Das Kernteam stellt sich vor…

Das Kernteam des Raumentwicklungsprojekts setzt sich aus festangestellten Mitarbeiter*innen und wissenschaftlichen Hilfskräften der Stabi zusammen. Alle kommen aus unterschiedlichen Fachrichtungen und bringen so ihre eigene spezielle Perspektive mit. Es ergibt sich daher ein interdisziplinäres Team mit den Schwerpunkten Bibliothekswesen, Bau und Arbeitssicherheit, Stadtplanung und -entwicklung, Kulturwissenschaften sowie Psychologie. Gleichzeitig bewirkt die Mischung langjähriger und jüngster Anstellungen im Haus eine vielfältige Wahrnehmung des jetzigen Zustands der Stabi und der Perspektiven für das Bibliotheksgebäude. Die Interdisziplinarität zieht sich somit durch fachliche Expertise, Kenntnisse der Stabi und Nähe zur Nutzer*innenschaft aufgrund von unterschiedlichen Tätigkeits- und Altersstrukturen. Diese Durchmischung ist eine bewusste Herangehensweise in solch einem innovativen Projekt, bei dem der Status quo aktiv hinterfragt und aufgebrochen werden soll.
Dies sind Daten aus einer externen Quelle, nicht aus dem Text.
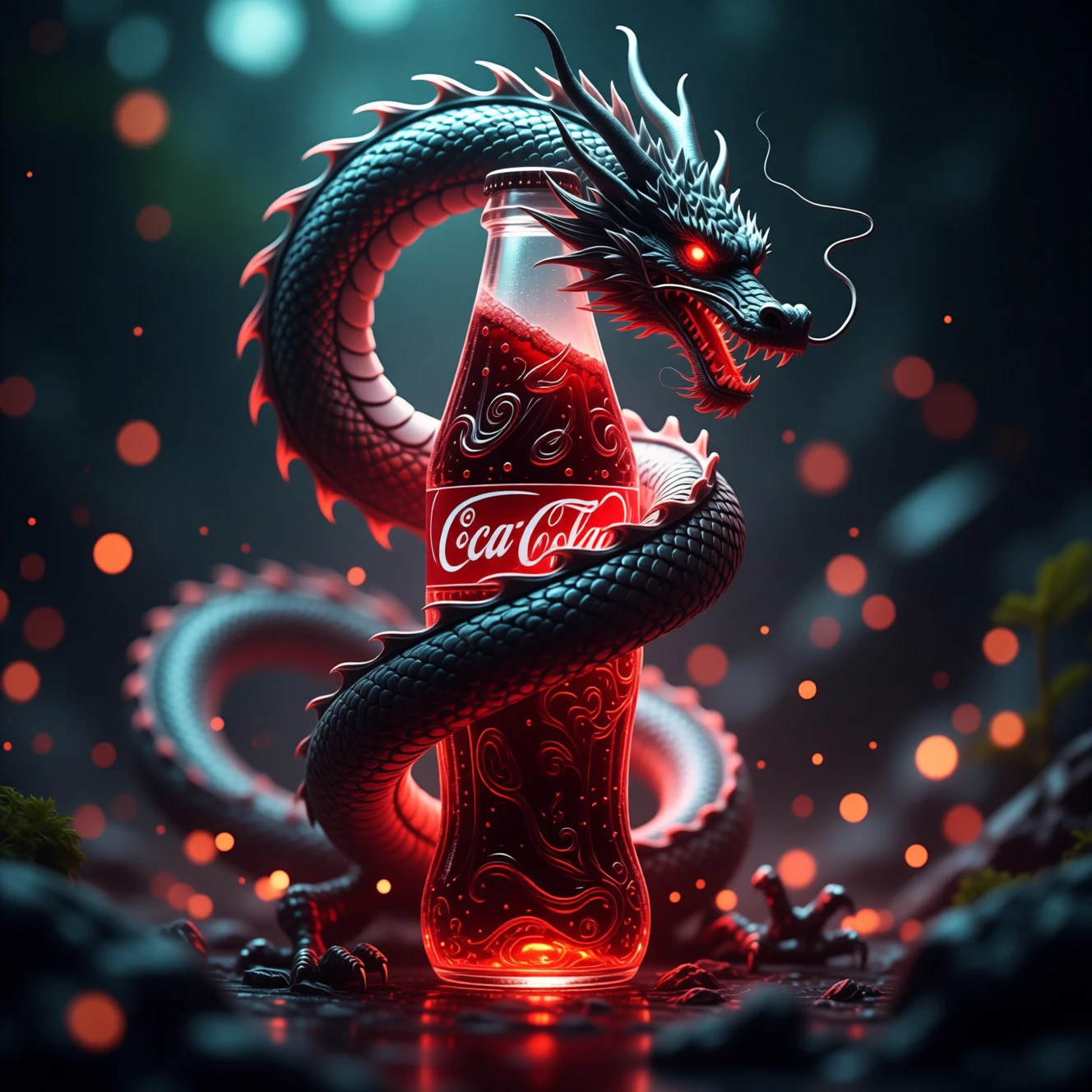 盤踞在發光紅色汽水瓶上的神秘巨龍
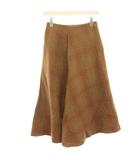 イエナ IENA フレアスカート 36 茶 ブラウン チェック ミモレ ロング Aライン /HN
Aufgrund der Corona-Pandemie musste ein Großteil der Zusammenarbeit ins Digitale verlagert werden. Obwohl Präsenztreffen in unterschiedlichen Konstellationen sehr selten stattgefunden haben, ist trotzdem ein Teamgefühl und ein hohes Maß an Identifikation mit dem Projekt gewachsen. Wichtiger denn je waren vor diesem Hintergrund regelmäßige Meetings, in denen sich zu Projektstand, anstehenden Aufgaben und etwaigen Herausforderungen ausgetauscht wurde. Um tiefer in Diskussionen und Reflexionen einsteigen zu können, werden punktuelle interne Workshops angesetzt, in denen nicht nur Inhalte, sondern auch das Vorgehen des Projekts gemeinsam erarbeitet werden. Die bisherige produktive und konstruktive Zusammenarbeit verdankt sich dem Engagement und Teamgeist einerseits und dem offenen und innovativen Projektdesign andererseits, welcher es allen ermöglicht, eigene Ideen und Denkanstöße einzubringen.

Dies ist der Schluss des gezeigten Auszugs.